◆ **PROMPT**: Your job with the data below: print everything from the line that holds "Charger l&#39;image dans" down to the line that holds "British 8th army", ends included, exactly, and nothing else.

◆ **SUPPLIED MATERIAL**:
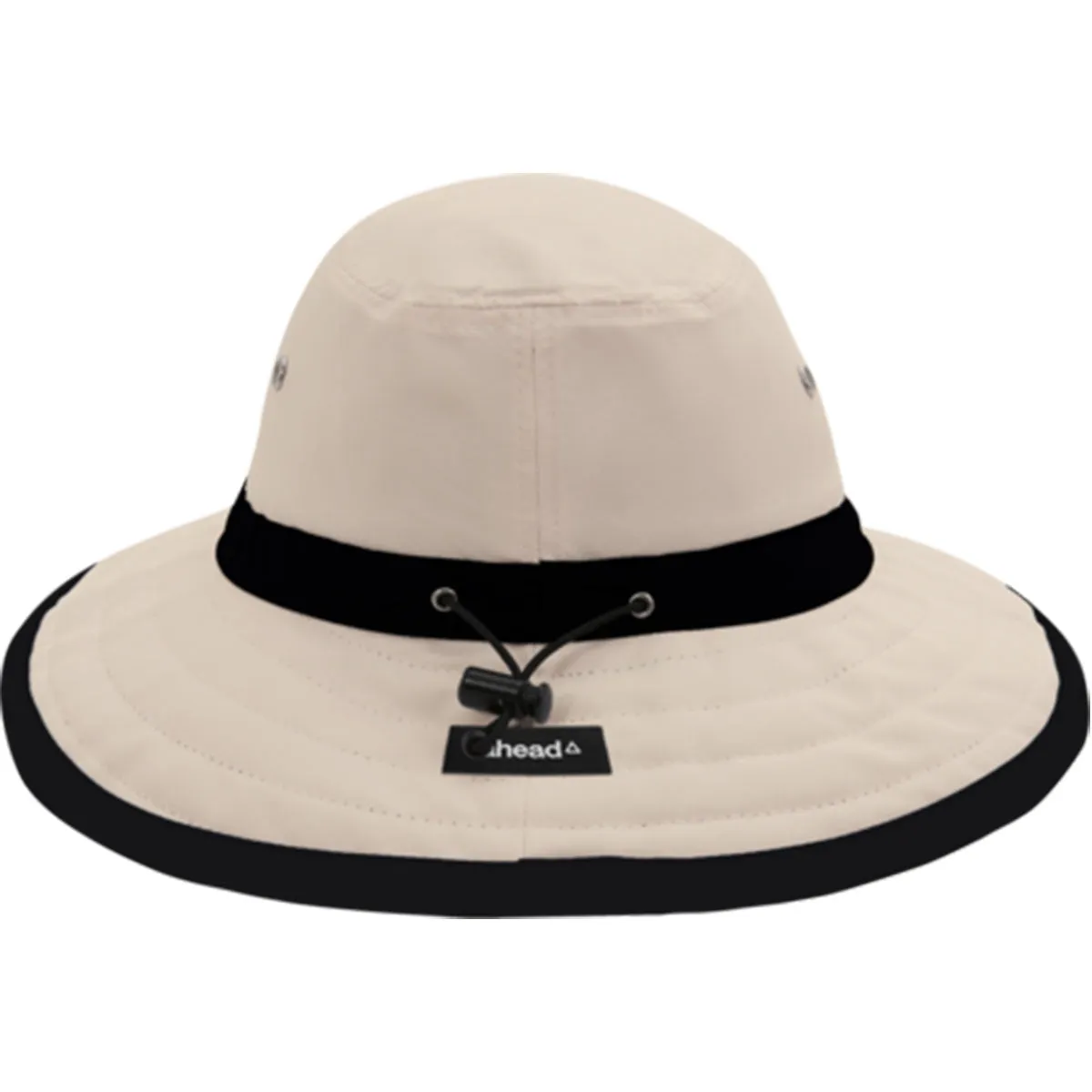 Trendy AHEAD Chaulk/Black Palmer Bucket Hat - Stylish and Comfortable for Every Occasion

...

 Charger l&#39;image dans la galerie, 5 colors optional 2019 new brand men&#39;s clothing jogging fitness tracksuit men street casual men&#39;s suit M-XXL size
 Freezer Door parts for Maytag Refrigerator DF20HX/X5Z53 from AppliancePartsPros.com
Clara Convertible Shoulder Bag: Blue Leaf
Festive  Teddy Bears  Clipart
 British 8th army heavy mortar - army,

◆ **YOUR SOLUTION**:
 Charger l&#39;image dans la galerie, 5 colors optional 2019 new brand men&#39;s clothing jogging fitness tracksuit men street casual men&#39;s suit M-XXL size
 Freezer Door parts for Maytag Refrigerator DF20HX/X5Z53 from AppliancePartsPros.com
Clara Convertible Shoulder Bag: Blue Leaf
Festive  Teddy Bears  Clipart
 British 8th army heavy mortar - army,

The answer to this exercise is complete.